# EXERCISE REQUIREMENTS
Print the records below exactly as they appear. Omit all pictures.

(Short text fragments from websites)
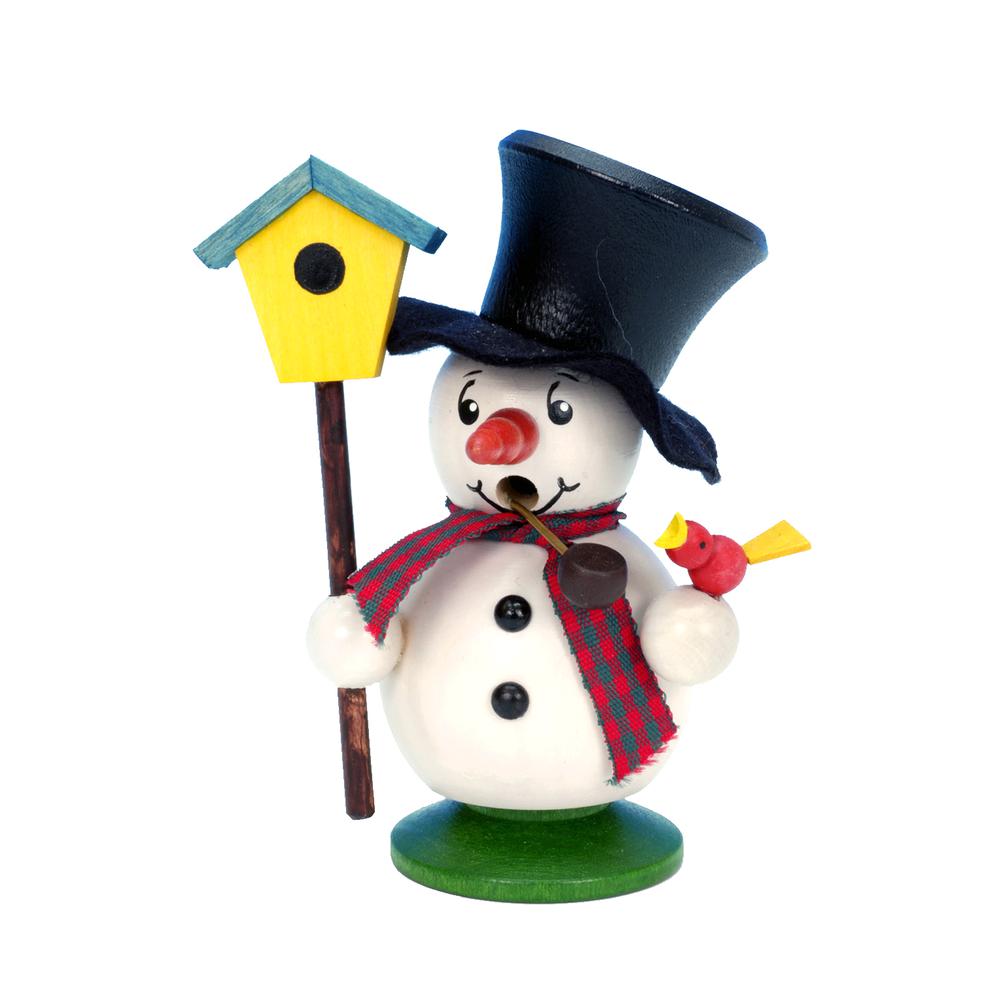 Christian Ulbricht Incense Burner - Snowman with Bird and Birdhouse - 4"H x 3.5"W x 2.5"D. Picture 1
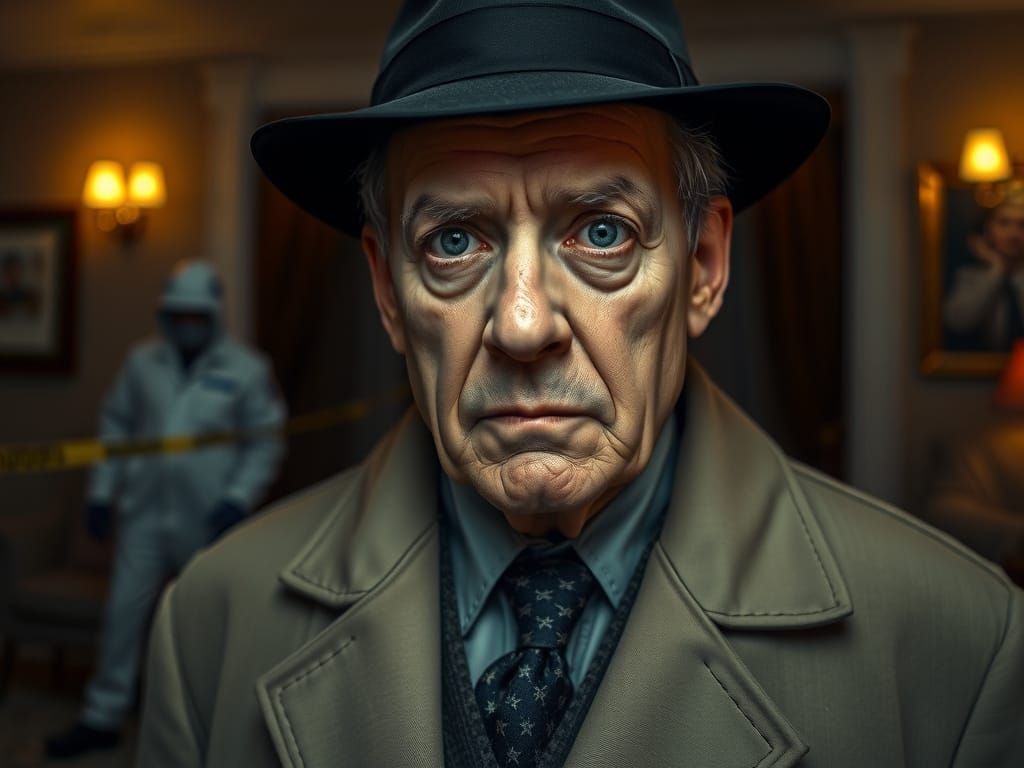 Elderly Detective at Crime Scene Cinematic Film Still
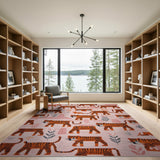 Playful Cartoon Tigers Pink Area Rug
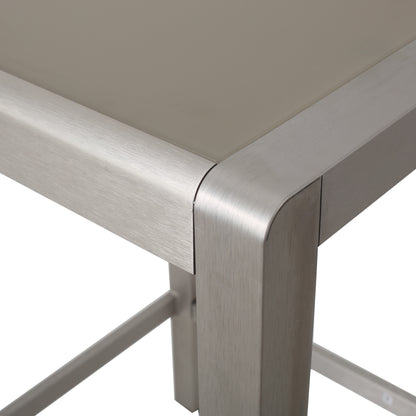 43" Outdoor Aluminum Frame Bar Table with Glass Table Top, Grey Finish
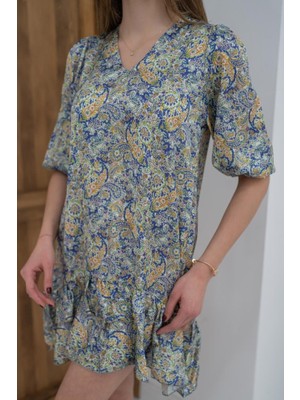 Kendim Fashion Yeşil Desenli Saten Elbise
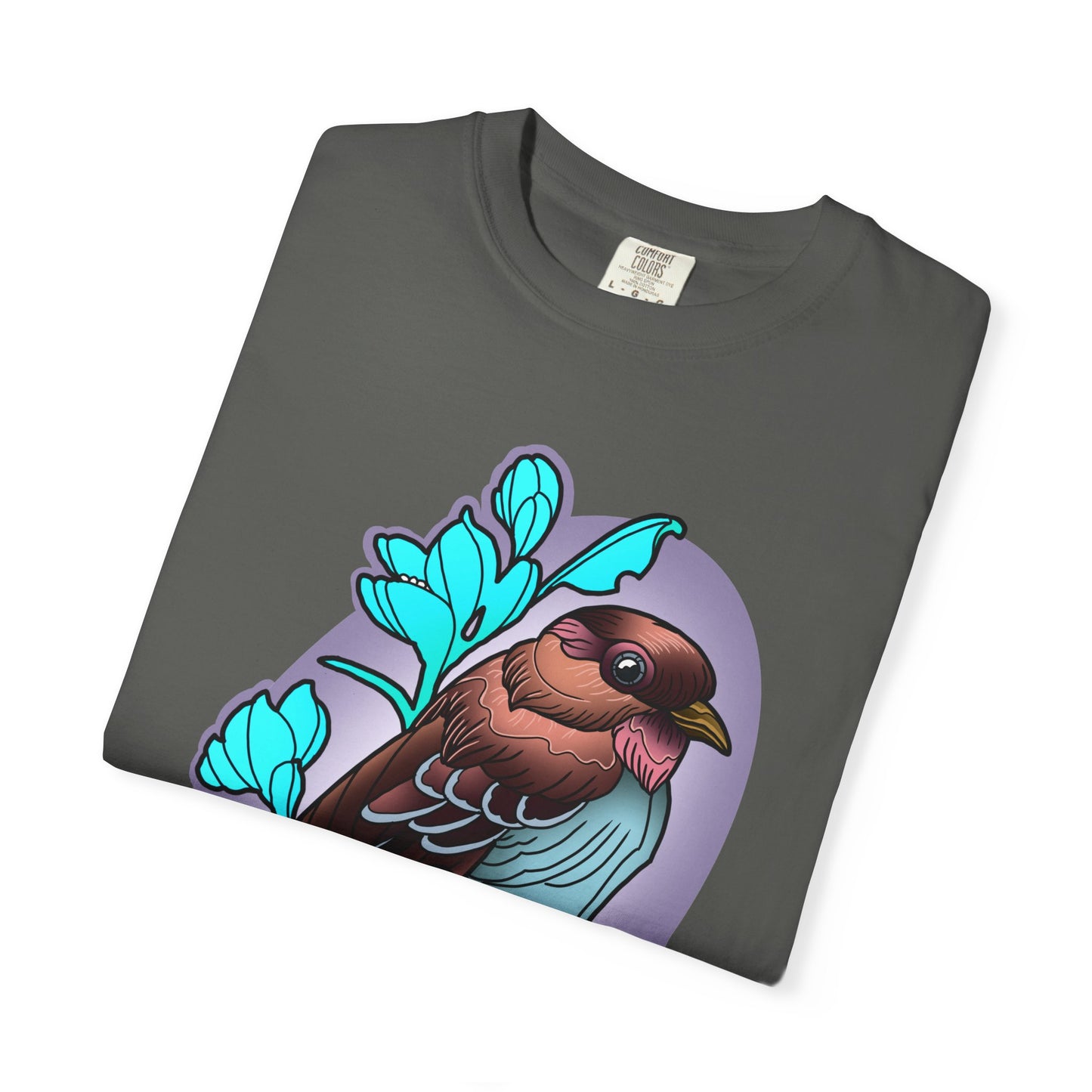 Bird Illustration T-Shirt — Colorful Sparrow on Floral Branch Tee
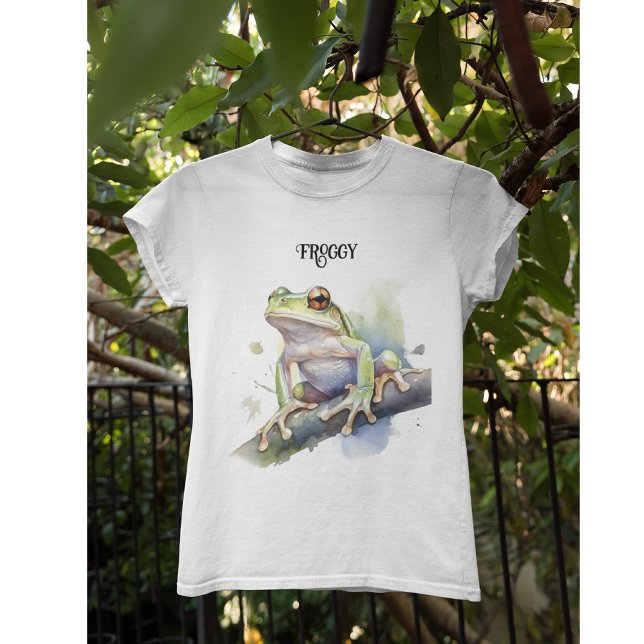 Cute Watercolor Tree Frog, custom T-Shirt (Creator Uploaded)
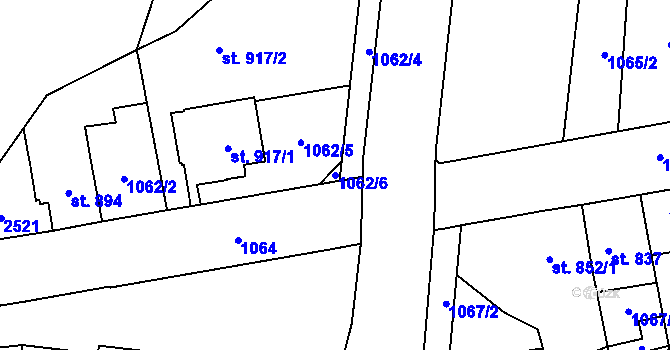 Parcela st. 1062/6 v KÚ Hranice, Katastrální mapa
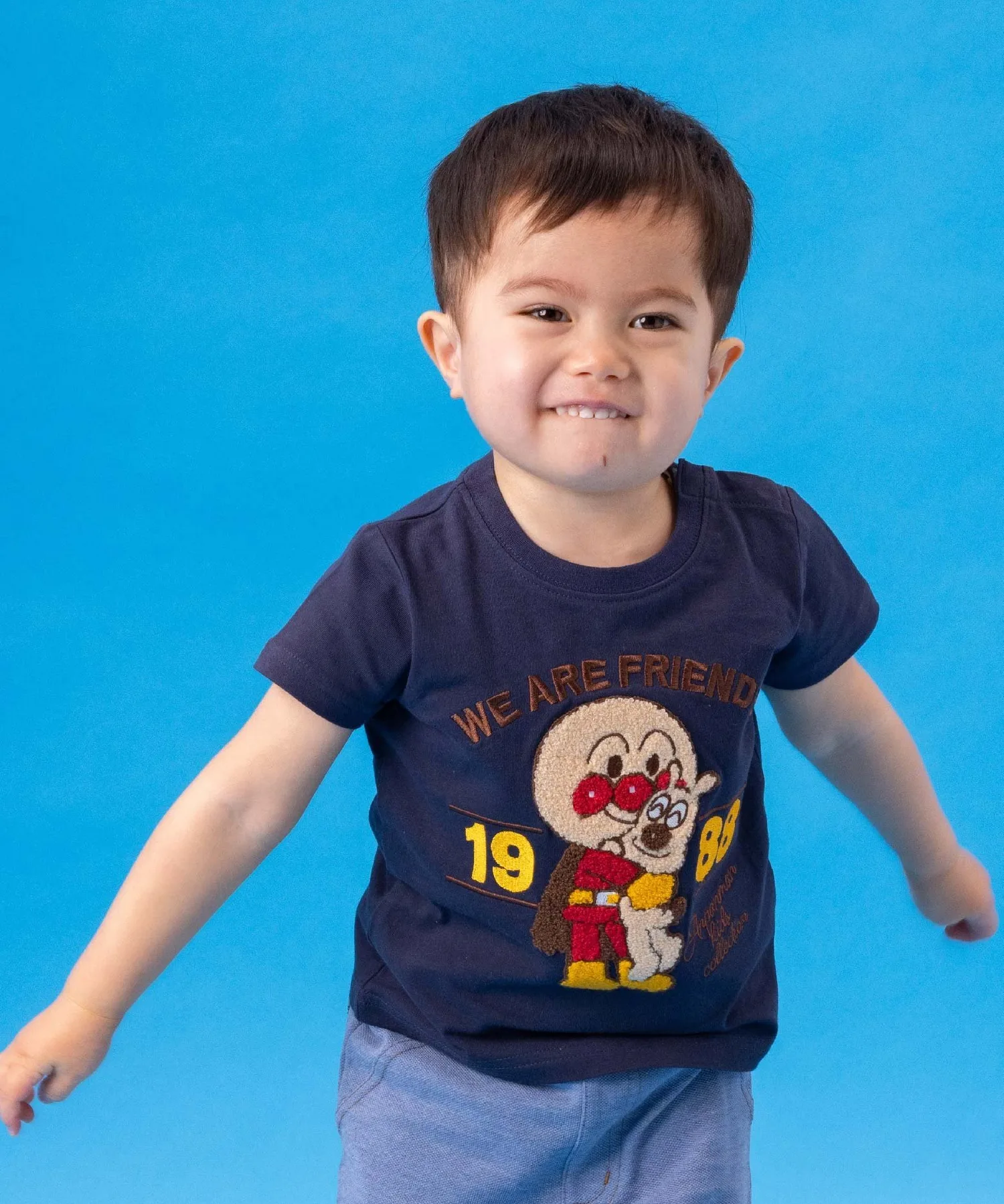 Детская коллекция ANPANMAN / Футболка с вышивкой Sagara (K)HUG Anpanman Kids Collection, Navy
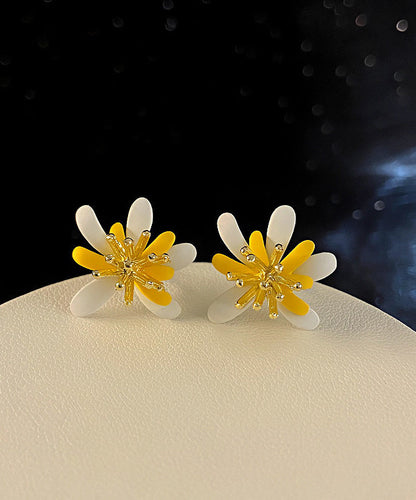 Modern Colorblock Copper Overgild Stud Earrings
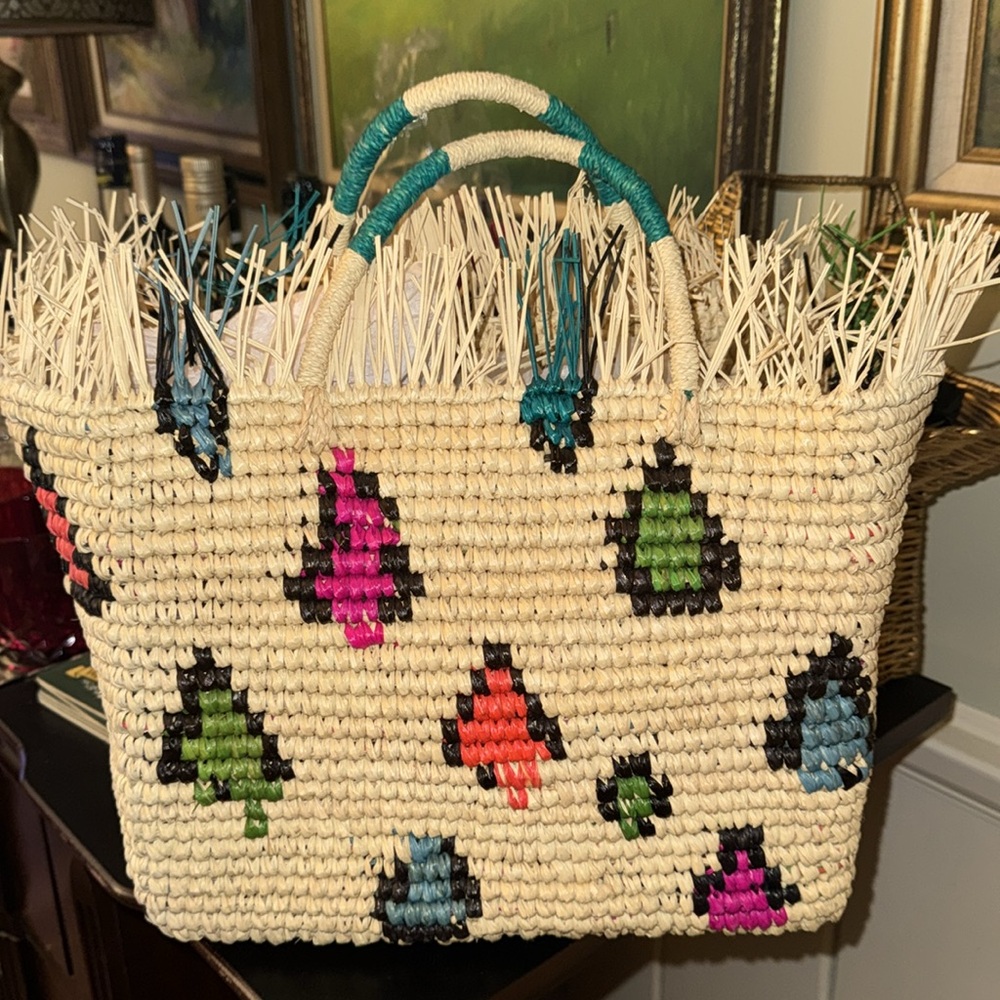 SENSI STUDIO rainbow spotted spots cheetah animal print straw tote bag purse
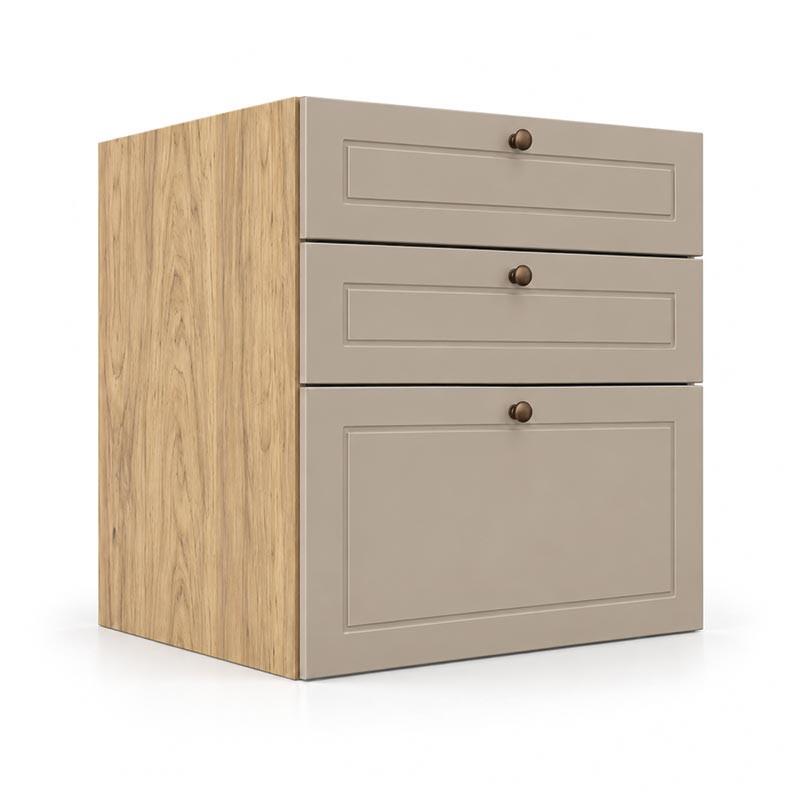 Módulo Balcão 60x68x56cm 3 Gavetas 100% MDF Cozinha Provence Robel Hanover/Fendi Matte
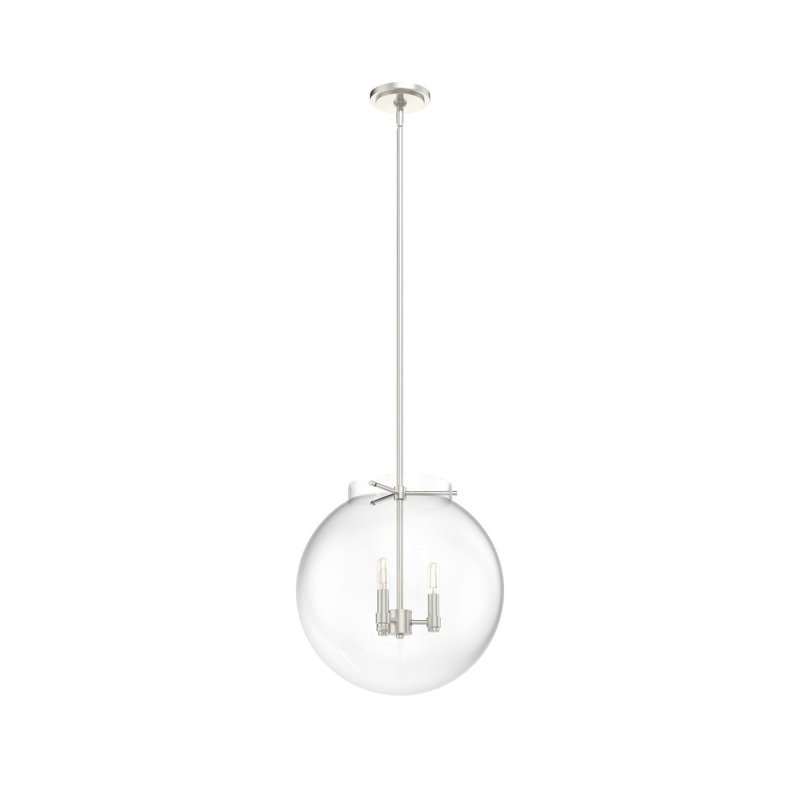 Three Light Pendant from the Sacha Collection in Brushed Nickel Finish by Hunter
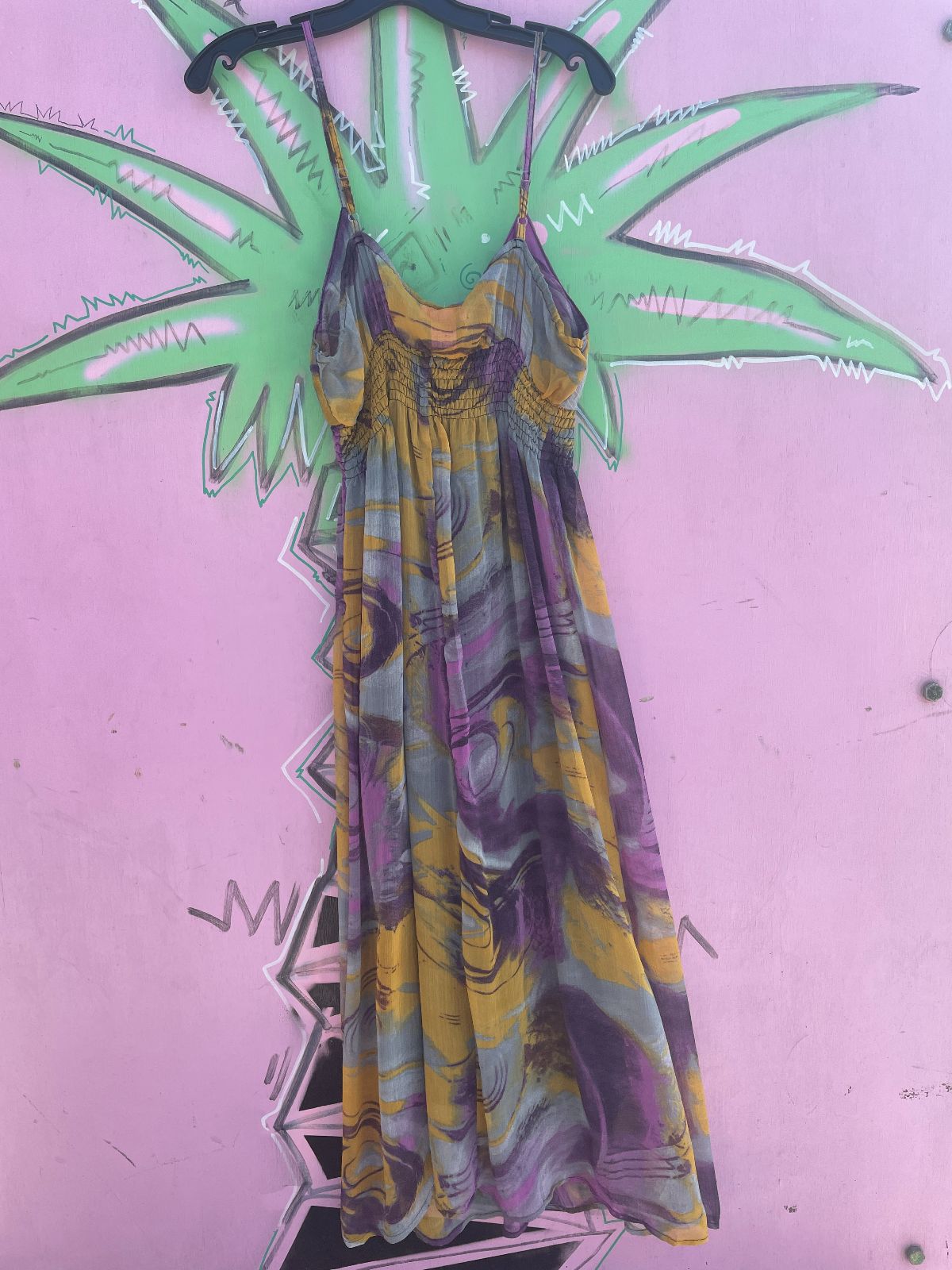 SHES COOL EARLY Y2K! SHEER FLOWY PAINTERLY PRINT DRESS RUCHED BODICE, SPAGHETTI STRAPS in PURPLE, YELLOW, GREY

# EXERCISE SOLUTION
 Christian Ulbricht Incense Burner - Snowman with Bird and Birdhouse - 4"H x 3.5"W x 2.5"D. Picture 1
 Elderly Detective at Crime Scene Cinematic Film Still
 Playful Cartoon Tigers Pink Area Rug
 43" Outdoor Aluminum Frame Bar Table with Glass Table Top, Grey Finish
 Kendim Fashion Yeşil Desenli Saten Elbise
 Bird Illustration T-Shirt — Colorful Sparrow on Floral Branch Tee
 Cute Watercolor Tree Frog, custom T-Shirt (Creator Uploaded)
 Parcela st. 1062/6 v KÚ Hranice, Katastrální mapa
 Детская коллекция ANPANMAN / Футболка с вышивкой Sagara (K)HUG Anpanman Kids Collection, Navy
 Modern Colorblock Copper Overgild Stud Earrings
 SENSI STUDIO rainbow spotted spots cheetah animal print straw tote bag purse
 Módulo Balcão 60x68x56cm 3 Gavetas 100% MDF Cozinha Provence Robel Hanover/Fendi Matte
 Three Light Pendant from the Sacha Collection in Brushed Nickel Finish by Hunter
 SHES COOL EARLY Y2K! SHEER FLOWY PAINTERLY PRINT DRESS RUCHED BODICE, SPAGHETTI STRAPS in PURPLE, YELLOW, GREY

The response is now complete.